Contrast that with an unwritten or “uncodified” constitution. England does not have a written constitution. Its government operates based on custom, statute, usage and precedent. Who decides the meaning and proper operation of “constitutional” government? The judiciary, government committees and legal experts. This type of government offers a great deal of elasticity. When it faces a problem, it need not worry about violating a written constitution with static meaning. The Parliament can simply pass new statutes. Or judges can formulate a new legal maxim. The judiciary takes precedence in this kind of system, setting legal precedent and guiding the evolution of the government.

That sounds more like the system we currently operate under here in the United States than the one set up by the founders. We no longer have constitutional government. We have government by judiciary. Court precedent dictates. Congress passes acts and everybody assumes them legitimate unless the courts say otherwise. If the nine black-robed federal employees approve a federal power, everybody accepts it as valid – regardless of the original meaning of the Constitution. Original meaning means nothing. The judges rule by judicial fiat.

The United States does, in fact, operate under a “living breathing” constitution. The document still exists under glass in the National Archives, but the the government actually runs based on an uncodified constitution molded and defined by judges.

As I said, “conservatives” rail against the “living breathing” constitution. But far too many enable it by insisting that the Supreme Court has the final say on constitutionality and rejecting the doctrine of nullification.

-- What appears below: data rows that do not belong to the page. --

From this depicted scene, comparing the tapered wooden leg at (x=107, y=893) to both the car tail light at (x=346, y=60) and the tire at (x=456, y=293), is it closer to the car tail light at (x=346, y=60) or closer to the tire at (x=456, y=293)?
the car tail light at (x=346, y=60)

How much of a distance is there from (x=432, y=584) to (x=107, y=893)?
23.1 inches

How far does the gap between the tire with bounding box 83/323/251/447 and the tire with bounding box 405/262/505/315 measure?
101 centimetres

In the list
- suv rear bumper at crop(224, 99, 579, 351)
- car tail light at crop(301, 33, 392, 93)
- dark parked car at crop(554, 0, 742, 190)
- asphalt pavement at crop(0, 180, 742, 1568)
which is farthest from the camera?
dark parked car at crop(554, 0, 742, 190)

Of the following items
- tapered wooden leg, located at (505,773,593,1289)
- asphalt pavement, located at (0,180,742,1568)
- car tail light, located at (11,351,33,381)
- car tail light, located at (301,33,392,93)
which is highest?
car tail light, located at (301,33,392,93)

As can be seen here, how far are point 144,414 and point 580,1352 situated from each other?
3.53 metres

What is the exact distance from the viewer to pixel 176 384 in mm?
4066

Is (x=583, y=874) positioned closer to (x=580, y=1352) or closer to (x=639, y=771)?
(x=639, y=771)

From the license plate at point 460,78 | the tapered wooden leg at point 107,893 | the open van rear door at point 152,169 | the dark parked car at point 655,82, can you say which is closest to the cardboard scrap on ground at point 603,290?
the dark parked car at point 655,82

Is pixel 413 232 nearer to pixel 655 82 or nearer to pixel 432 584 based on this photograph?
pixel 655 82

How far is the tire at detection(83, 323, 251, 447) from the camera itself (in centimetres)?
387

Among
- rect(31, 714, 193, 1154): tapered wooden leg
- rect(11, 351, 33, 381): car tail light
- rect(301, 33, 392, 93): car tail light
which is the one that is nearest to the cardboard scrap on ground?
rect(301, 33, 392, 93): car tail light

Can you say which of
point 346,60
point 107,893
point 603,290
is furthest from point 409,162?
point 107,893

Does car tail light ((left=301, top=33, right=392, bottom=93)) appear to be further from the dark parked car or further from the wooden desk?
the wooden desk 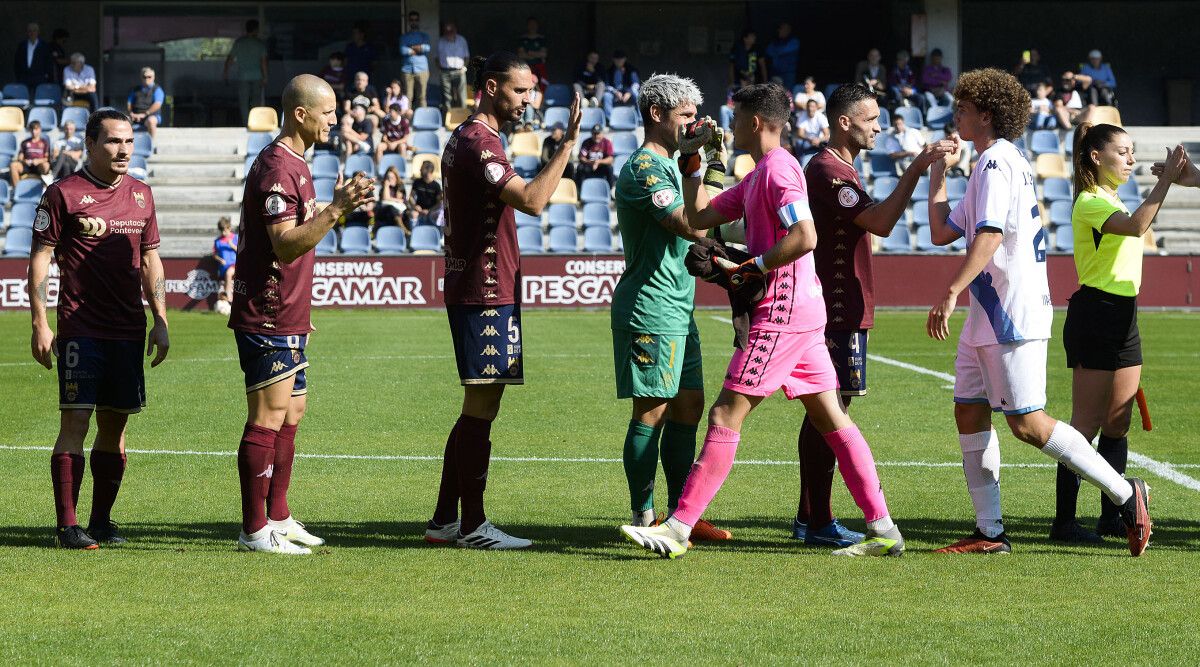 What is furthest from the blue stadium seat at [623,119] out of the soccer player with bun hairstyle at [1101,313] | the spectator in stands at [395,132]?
the soccer player with bun hairstyle at [1101,313]

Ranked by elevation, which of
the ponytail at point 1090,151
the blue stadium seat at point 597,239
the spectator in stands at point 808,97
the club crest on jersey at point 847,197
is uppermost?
the spectator in stands at point 808,97

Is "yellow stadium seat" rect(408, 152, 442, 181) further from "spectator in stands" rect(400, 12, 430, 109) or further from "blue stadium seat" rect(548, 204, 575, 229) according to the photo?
"blue stadium seat" rect(548, 204, 575, 229)

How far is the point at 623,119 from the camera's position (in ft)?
102

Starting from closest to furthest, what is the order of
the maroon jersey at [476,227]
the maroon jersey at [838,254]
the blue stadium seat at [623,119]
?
1. the maroon jersey at [476,227]
2. the maroon jersey at [838,254]
3. the blue stadium seat at [623,119]

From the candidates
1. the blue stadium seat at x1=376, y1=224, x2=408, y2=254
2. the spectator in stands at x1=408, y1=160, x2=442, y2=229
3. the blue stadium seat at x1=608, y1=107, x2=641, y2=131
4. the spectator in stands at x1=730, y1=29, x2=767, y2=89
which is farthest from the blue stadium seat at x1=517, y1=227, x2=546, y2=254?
the spectator in stands at x1=730, y1=29, x2=767, y2=89

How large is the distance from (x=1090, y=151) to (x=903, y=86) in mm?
25291

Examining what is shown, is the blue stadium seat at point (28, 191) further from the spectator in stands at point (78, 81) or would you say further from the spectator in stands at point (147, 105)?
the spectator in stands at point (78, 81)

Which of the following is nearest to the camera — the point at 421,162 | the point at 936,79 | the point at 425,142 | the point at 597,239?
the point at 597,239

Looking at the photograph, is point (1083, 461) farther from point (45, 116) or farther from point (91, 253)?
point (45, 116)

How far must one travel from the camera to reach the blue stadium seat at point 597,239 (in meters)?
27.4

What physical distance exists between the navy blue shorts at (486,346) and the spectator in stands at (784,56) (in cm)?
2638

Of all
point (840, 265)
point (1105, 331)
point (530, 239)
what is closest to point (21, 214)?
point (530, 239)

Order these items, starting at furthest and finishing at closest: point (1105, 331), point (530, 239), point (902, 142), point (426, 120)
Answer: point (426, 120)
point (902, 142)
point (530, 239)
point (1105, 331)

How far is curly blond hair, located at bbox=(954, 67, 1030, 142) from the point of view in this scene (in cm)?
619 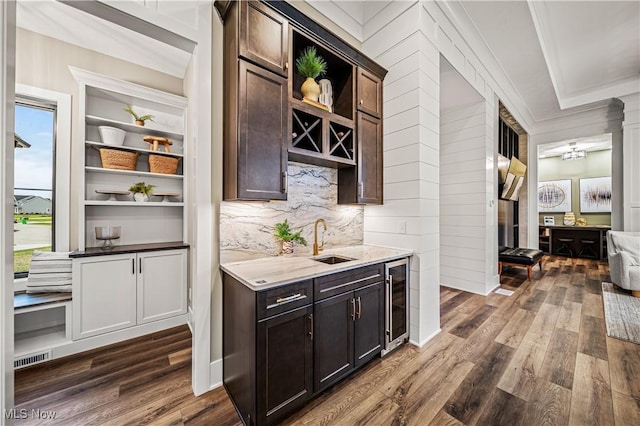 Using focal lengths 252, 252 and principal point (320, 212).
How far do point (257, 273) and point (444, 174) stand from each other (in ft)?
12.7

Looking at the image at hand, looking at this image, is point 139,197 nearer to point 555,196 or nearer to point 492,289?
point 492,289

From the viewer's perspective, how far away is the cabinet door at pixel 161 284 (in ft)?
8.81

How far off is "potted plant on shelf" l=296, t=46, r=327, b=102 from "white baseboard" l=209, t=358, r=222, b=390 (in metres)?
2.29

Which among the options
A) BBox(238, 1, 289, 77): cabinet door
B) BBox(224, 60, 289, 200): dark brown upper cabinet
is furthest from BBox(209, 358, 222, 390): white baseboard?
BBox(238, 1, 289, 77): cabinet door

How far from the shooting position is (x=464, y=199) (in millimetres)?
4070

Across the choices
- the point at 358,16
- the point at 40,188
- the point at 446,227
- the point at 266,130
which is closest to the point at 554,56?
the point at 446,227

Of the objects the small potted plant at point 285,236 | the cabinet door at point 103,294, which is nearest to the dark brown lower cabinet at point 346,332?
the small potted plant at point 285,236

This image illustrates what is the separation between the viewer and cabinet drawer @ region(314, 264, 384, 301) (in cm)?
174

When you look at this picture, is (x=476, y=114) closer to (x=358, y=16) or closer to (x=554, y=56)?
(x=554, y=56)

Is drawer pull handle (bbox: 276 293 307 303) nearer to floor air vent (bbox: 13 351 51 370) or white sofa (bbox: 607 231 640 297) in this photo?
floor air vent (bbox: 13 351 51 370)

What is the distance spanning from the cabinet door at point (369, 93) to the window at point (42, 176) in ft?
9.76

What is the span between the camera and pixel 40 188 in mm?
2570

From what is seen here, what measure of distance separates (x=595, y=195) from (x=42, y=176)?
37.6 ft

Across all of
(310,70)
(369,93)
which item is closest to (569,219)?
(369,93) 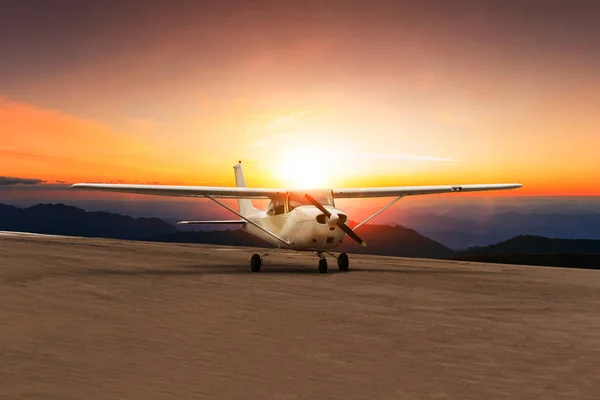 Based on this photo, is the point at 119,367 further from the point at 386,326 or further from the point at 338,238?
the point at 338,238

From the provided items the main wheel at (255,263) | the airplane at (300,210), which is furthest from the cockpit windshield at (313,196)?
the main wheel at (255,263)

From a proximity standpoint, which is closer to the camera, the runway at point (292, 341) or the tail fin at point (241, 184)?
the runway at point (292, 341)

When judicial precedent rises to the same level as the original meaning of the Constitution (and the Court actually claims its opinions rise to that level), you no longer have a written constitution. You live under an uncodified constitution, its meaning floating merrily along on the whims of nine judicial oracles.

A federal government that can define the extent of its own powers rises to the level of all-powerful. And that’s exactly the system “conservatives” like those over at the Heritage Foundation and other prominent right-leaning organizations support when they insist on absolute federal judicial supremacy.

Thomas Jefferson rightly pointed out that it would prove impossible to maintain a federal government of limited powers if that government itself determined and defined the extent of its own authority.

The government created by this compact was not made the exclusive or final judge of the extent of the powers delegated to itself; since that would have made its discretion, and not the Constitution, the measure of its powers; but that, as in all other cases of compact among powers having no common judge, each party has an equal right to judge for itself, as well of infractions as of the mode and measure of redress.

History proved him correct.

So the next time you hear “conservatives” railing about the “liberal” invention of a “living breathing” Constitution, ask them if they support state nullification. When they tell you, “No, the Supreme Court and the Supreme Court alone decides constitutionality,” you can look them in the eye and tell them they are part of the problem.